A very common sequence is \0 (represented as byte 0x00) which is the null character, used to denote end of data in various contexts.

\? is not necessary, you can write ? directly too but it's kept for backwards compatibility. In the past (before C++17) there was a very weird feature called trigraphs which allowed 3-character special sequences, parsed even before comments. This feature could accidentally be used by unescaped ?.

Because Unicode is ASCII-compatible and ASCII is backwards compatible with very old telegraph systems, you can see some historical control characters:

  • \a caused the machine to output specific sound - see https://en.wikipedia.org/wiki/Bell_character for its history

  • \f - https://en.wikipedia.org/wiki/Page_break#Form_feed

  • \r was used to cause the machine to reset position to the beginning of a line. The \r\n sequence was very common and in fact, Windows OS uses this sequence up to today - enter key in Windows-based programs outputs this 2-character sequence while every other system outputs only \n. In many editors you can find the setting how line endings should be written: LF (Unix) or CRLF (Windows).
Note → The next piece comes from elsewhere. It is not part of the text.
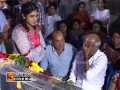 Rajinikanth Paying Homage To Manjula Vijayakumar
As \r has lost its meaning in the era of screens (not telegrams), programs which display text simply ignore this character. For more history - see https://en.wikipedia.org/wiki/Carriage_return.

  • \t, \v - historically they meant advancement to the next multiple of 8 characters horizontally and 6 lines vertically. \v is not used anymore but \t is still widely used to indent code. Editors often allow to change tab size (usually 2/4/8) and convert indentation to/from spaces.

Backspace (\b) is used by keyboards to indicate pressed backspace key. If you use this character in a program, its meaning can be different depending what other program will use this data:

  • If \b is written to a text file, it's up to the file reading/displaying program what will be done with it. Most will simply ignore this character.

  • If \b is written to an interactive shell (such as the one in which you can run your compiled programs) the shell will usually discard/overwrite previously output character, just like it was a telegraph machine. A similar behavior can be observed with \r which will discard/overwrite entire line.

Raw string literals

An alternative to escape sequences are raw strings, in which special characters loose their meaning and everything between delimeters is treated as it is.

The syntax is:

prefix(optional) R"delimiter(raw_characters)delimiter"

Example:

1
2
3
4
// all are equivalent
R"(\a\b\c\d\e\f)"
R"xXx(\a\b\c\d\e\f)xXx"
"\\a\\b\\c\\d\\e\\f"

Raw string literals may span multiple code lines (without concatenation) and they will contain all characters between delimeters, including whitespace such as line breaks.

Raw string literals can be concatenated with other string literals.

Floating-point literals

By default, floating-point literals are of type double.

  • With suffix f or F, they are float.

  • With suffix l or L, they are long double.

Floating point literals support various formats, including expotential notation and hexadecimal fractions. When using dot (.) one of digit sequences is optional.

Examples:

1
2
3
4
5
6
7
8
9
10
11
12
42.0f // 42, float
42.f  // 42, float
0.42l // 0.42, long double
.42l  // 0.42, long double
3e10  // 30000000000, double
123.456e-67 // 123.456 * 10^(-67), double
.1E4l       // 1000, long double
0x10.1p2f   // 64.25, float (uses hexadecimal digits)
0x1.2p3     // 9 (1.125 * 2^3), double (uses hexadecimal digits)

NAN // NaN, float, macro constant defined in <cmath>
    // it's implementation-defined, may not exist if not supported

Other literals

It's worth noting that not all literals have to be made of characters or digits - some literals are keywords. You already know 2 of them: false and true are literals of type bool.

Later you will be learn about one more keyword literal - nullptr.

Automatic type

A simple but very useful feature is the type placeholder auto. It will deduce the type based on the expression used in intialization:

1
2
3
4
5
auto b = true; // bool
auto i = 1;    // int
auto l = 1l;   // long
auto f = 1.0f; // float
auto x; // error: can't deduce without initializer

Exercise

Try to output the text "\n??='\\ using both escape sequences and raw strings.